Angelo Ferro, una vita nel solco della migliore tradizione veneta
Angelo Ferro ci ha lasciati; se n’è andato all’eta di 78 anni, nella sua casa padovana, dopo una vita densa di impegni e responsabilità. Da sempre attento alle problematiche di carattere economico e sociale, in lui si ritrovano le cifre di una vita coniugata secondo quei criteri di appartenenza e impegno che hanno caratterizzato gli uomini migliori della società veneta del Novecento.
Poliedrico, dinamico, illuminato: tre aggettivi talmente buoni da essere perfino generici.
Si usano per identificare, o ancor peggio qualificare, il profilo di un uomo che si è occupato di molte cose; che lo ha fatto senza risparmiarsi, in una sorta di moto continuo, di corsa; che è stato sapientemente aperto al nuovo, senza debordare, sgombro da eccessi.
Angelo Ferro, pur essendo stato anche tale, non merita i ristretti confini dettati da tanto angusta definizione; perché lui è stato molto di più.
Chi guarda al suo percorso esistenziale, professionale, umano, con la consapevolezza di una storia e di uno spazio (quello padovano) in cui ha trascorso la sua lunga e feconda esistenza, trova tutti gli elementi di continuità e di inedita originalità, che ne fanno un protagonista, non nel solco dell’ambizione ma della sostanza.
In Angelo Ferro si riposizionano le cifre interpretative di una vita coniugata secondo criteri di appartenenza e di impegno che hanno caratterizzato gli uomini più significativi e i dirigenti autentici della realtà veneta (del secolo scorso?).

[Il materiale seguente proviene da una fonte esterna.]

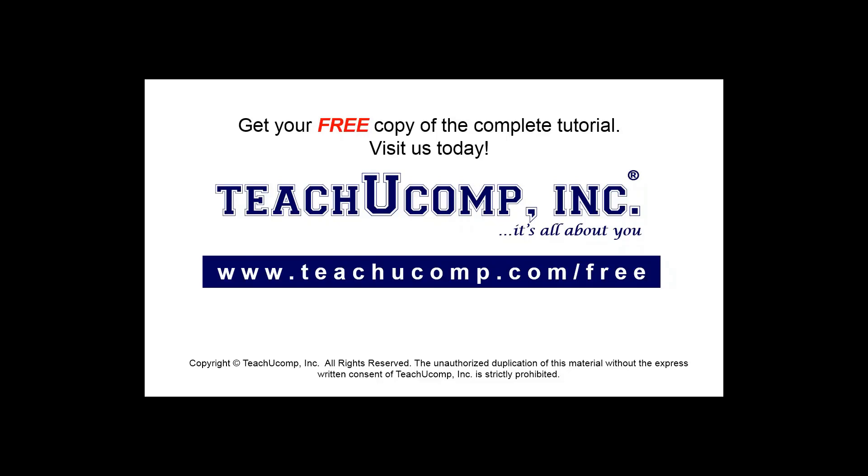Get your free copy of the complete tutorial at www.teachucomp.com forward slash free.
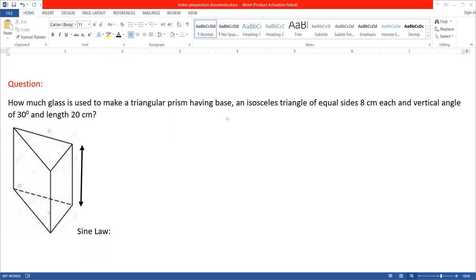Hello students, welcome to this math class. Here was one question which the students were unable to solve, so I'm providing the solution. This question is taken from mensuration concerning a triangular-based prism.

È vero: è stato poliedrico; nel senso che si è occupato di molto. Professore universitario, imprenditore, dirigente associativo, intellettuale, “operatore sociale”, perfino politico, quando sedeva sui banchi del consiglio comunale cittadino.
È stato certamente dinamico, fino all’ultimo; mai fermo, sempre in azione, non alla ricerca di sistemazioni o luoghi accomodanti, ma di una concretezza che non si è mai trasformata in appagamento.
È stato anche illuminato, nel senso che non ha mai guardato indietro, ma ha sempre cercato un barlume di luce e di speranza oltre, al di là, nel futuro.
Tutto vero, giusto, comunque insufficiente. Perché restare a quello che Angelo Ferro ha fatto è troppo poco e non gli rende giustizia
Bisogna avere voglia e coraggio di spostare oltre la considerazione, magari sospendendo per ora il giudizio, ma ponendosi una domanda: perché?
Come mai un uomo che poteva fin dall’inizio avere quasi tutto (in fondo era pur sempre figlio di un importante rettore dell’università…), che aveva raggiunto rapidamente una posizione invidiabile, che possedeva i mezzi per fare della rendita una strategia esistenziale, si è dato tanto da fare, si è buttato in mille avventure, ha cercato in ogni modo di vivere all’insegna di impegno e fatica?
La risposta a tali quesiti, confermata personalmente e da chi lo ha conosciuto, è quasi certamente nel senso profondo che Angelo voleva dare alla sua vita, oltre che nella fede e nel desiderio di offrire tracce di praticabilità alla speranza.
In lui si riconoscono i tratti decisivi e conformanti di una tipologia di cattolici nati e cresciuti a Padova nei decenni trascorsi, in momenti non certo facili, in stagioni conciliari di tormento, in un ambito civile spesso terrorizzante, in cui l’amore per l’uomo era il riferimento ultimo a cui ancorare pratiche di condivisione culturalmente ecumenica.
Pochi profili, come quello tratteggiato dalla vita di Angelo Ferro, sono autenticamente padovani: la formazione all’Antonianum dei Gesuiti, l’amore per quello sport, il rugby, giocato con un pallone sbagliato, l’impegno politico di base (quasi obbligatorio), la doverosa carriera universitaria, l’ineludibile vita associativa laica ed ecclesiale, fino all’approdo che per molti, dopo alterne vicissitudini, è stato quello finale e decisivo: la solidarietà sociale, non vissuta come estremo ripiego, ma come straordinaria opportunità di mettere a frutto competenze, abilità, carità.
Adesso, che se n’è andato, rimane la parte gioiosamente (non sembri una contraddizione) più ricca della sua vita: l’eredità.
Come tanti altri interpreti del suo tempo, Angelo Ferro lascia molto: il dovere di coniugare sapere con prassi, la capacità di assunzioni spinte di responsabilità, la scelta dei segmenti deboli della società come approdo operativo, una visione della solidarietà da gestire con cura, competenza e abilità. Un patrimonio.
I beni ricevuti possono essere fatti fruttare o dilapidati: questo è il dubbio da sciogliere e la risposta da dare; al di là delle commemorazioni, in scelte che non tradiscano la memoria.